About the KCOM Stadium
The Stadium is operated by Superstadium Management Company (SMC) on a 50 year lease. The construction of the KCOM Stadium was funded by Hull City Council for the benefit of the City of Kingston-Upon-Hull. This was financed by the Council's sale of their majority shareholding in KCOM, who ironically are the Stadium's title sponsor since first opening the doors in December 2002.
In recognition of the Council funding the building of the Stadium an Egyptian style obelisk monument was unveiled by the Lord Mayor of Kingston-Upon-Hull and the leader of Hull City Council and also recognises the contribution of the many stakeholders involved in the construction of the Stadium. The Superstadium Management Company (SMC) is committed to maintaining this monument which takes pride of place outside the main West Stand reception and along the main pedestrian walkway through West Park.
The Location
- Located next to a Victorian Park, the stadium complex is the first in the UK in a parkland setting. The Stadium manages 34.2 acres of land.
The Design
- Designed by the Miller Partnership, adopting initial concept proposals by Arup Associates, the stadium comprises a state-of-the-art all-seater spectator arena with a capacity of 25,586.
- It is designed as a single tier, asymmetrical bowl of approximately 20,000 seats with a second upper tier to the West Stand of over 5,000 seats.
- The seat colours are predominantly black with a white and amber band around the stadium and logos depicted in amber and white.
- The four external columns, which can be seen from the exterior of the Building, use the corporate colours of the Hull City Council – blue and yellow.
The Capacity
- Future expansion of the stadium will be possible to raise the capacity to 30,000.
- North Stand: 4,000 capacity.
- East Stand: 6,000 capacity.
- South Stand: 4,000 capacity.
- West Stand Lower: 6,000 capacity.
- West Stand Upper: 5,000 capacity.
The Construction
- Also incorporated in the Stadium complex is a Sports Arena, two multi-use all weather pitches, and a learning zone (run by Hull College).
- The total project cost was approximately £44 million.
- Construction of the Stadium took 14 months to complete.
- Approximately 3225 tonnes of steel was used in the construction of the Stadium Complex.
- It took approximately 6469 cubic metres of concrete to build the Stadium.
The Playing Surface
- The grass surface measures 114m x 74m providing a FIFA standard-sized football pitch of 105m x 68m and a full-length rugby league pitch of 100m x 68m with in goal areas 6m deep.
- The grass is 100% natural, comprised of 90% sand and 10% loam. It also has 3% additive of man-made fibre. The fibre is woven into the roots of the grass and goes down 200mm. If threaded together, these fibres would circle the globe!
- The pitch has an automatic irrigation system as well as under pitch heating.
- When the temperature drops to below 4°C under soil heating provides enough heat to raise the temperature to a minimum of 9°C.
- On construction, water porosity of the pitch at source was 25-30mm per hour.
- There are 22 miles of under soil heating pipes.
Corporate Rooms
- The Stadium includes 2,000 square feet of conference and exhibition space, which caters for private or corporate functions.
- This corporate accommodation includes 28 executive boxes, a restaurant overlooking the pitch, 4 banqueting/hospitality suites and a Sports Bar.
- The Stadium regularly hosts functions, and has hosted wedding fayres, wedding parties and a wide range of exhibitions.

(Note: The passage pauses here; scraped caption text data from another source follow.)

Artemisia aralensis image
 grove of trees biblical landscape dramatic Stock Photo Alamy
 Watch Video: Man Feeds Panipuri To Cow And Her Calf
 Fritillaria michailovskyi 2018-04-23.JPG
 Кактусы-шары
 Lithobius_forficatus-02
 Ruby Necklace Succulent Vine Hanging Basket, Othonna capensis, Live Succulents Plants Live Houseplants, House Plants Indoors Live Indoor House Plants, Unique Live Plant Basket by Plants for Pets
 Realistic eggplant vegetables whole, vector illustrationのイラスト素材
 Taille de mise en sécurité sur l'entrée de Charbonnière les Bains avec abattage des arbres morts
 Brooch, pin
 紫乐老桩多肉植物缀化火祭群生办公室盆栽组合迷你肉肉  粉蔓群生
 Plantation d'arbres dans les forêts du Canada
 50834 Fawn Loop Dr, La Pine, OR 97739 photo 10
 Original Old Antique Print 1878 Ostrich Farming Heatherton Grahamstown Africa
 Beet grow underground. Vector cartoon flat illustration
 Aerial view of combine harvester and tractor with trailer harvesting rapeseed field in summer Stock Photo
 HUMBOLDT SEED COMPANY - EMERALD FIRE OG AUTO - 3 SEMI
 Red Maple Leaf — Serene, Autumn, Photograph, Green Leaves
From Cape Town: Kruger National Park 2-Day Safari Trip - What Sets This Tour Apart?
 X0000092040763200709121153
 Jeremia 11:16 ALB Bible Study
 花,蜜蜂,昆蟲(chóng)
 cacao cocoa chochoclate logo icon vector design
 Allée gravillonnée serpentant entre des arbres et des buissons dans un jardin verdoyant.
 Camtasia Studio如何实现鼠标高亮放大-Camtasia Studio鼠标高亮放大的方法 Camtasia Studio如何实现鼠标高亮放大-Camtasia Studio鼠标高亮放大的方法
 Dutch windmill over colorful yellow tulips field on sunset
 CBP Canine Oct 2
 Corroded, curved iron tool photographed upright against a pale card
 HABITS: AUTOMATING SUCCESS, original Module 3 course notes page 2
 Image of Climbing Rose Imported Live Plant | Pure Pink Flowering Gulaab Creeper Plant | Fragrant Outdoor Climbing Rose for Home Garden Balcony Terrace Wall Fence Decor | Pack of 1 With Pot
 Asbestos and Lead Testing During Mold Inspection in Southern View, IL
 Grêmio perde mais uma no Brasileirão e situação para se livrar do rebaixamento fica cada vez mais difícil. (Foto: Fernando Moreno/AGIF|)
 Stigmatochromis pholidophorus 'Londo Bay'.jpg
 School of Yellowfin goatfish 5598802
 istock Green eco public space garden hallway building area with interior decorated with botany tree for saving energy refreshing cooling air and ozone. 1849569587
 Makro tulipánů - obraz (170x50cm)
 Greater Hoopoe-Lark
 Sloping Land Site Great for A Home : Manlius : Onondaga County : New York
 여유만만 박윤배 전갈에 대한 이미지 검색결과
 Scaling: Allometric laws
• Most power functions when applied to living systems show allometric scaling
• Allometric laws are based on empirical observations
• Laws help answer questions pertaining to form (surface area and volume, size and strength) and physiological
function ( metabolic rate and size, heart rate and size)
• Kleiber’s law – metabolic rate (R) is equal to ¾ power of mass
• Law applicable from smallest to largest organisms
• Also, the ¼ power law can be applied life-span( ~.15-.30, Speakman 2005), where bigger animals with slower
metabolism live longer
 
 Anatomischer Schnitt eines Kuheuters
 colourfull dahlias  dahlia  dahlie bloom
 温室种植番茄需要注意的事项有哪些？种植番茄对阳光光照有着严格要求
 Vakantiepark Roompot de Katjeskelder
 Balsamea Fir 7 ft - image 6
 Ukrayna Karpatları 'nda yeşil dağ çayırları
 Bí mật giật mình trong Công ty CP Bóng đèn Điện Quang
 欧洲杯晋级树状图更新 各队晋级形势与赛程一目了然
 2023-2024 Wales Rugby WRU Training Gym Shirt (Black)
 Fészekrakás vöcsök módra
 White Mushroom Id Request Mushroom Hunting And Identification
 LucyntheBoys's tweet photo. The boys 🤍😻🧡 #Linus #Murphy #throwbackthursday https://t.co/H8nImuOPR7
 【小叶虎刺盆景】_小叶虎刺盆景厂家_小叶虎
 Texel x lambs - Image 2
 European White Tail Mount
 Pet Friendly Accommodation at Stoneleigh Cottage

- Over 140 ‘off field’ events are held every month.
- The Stadium caters for over 2,000 corporate guests on matchdays.
Traffic
- The site, including the Walton Street Car Park, accommodates up to 1,100 vehicles.
- The link foot bridge from Londesborough Street to the Stadium takes away approximately 30% of pedestrian traffic to and from the Stadium.
Miscellaneous
- Between events, overnight changes need to be made to the Stadium. These include pitch markings, posts and stadium cleaning.
- The target evacuation time for the entire Stadium at full capacity is 8 minutes.
- A generator of 600KVA supplies enough power to evacuate the stadium safely if a powercut occurs.
- The floodlights at the Stadium are 1700 lux, compared to 274 lux at Hull City’s old ground, Boothferry Park, and 250 lux at Hull FC’s old ground, the Boulevard.
- The Stadium has a total of 67 CCTV cameras.
- A computerised turnstile monitoring system linked into the control room, keeps check on how many people are entering each stand.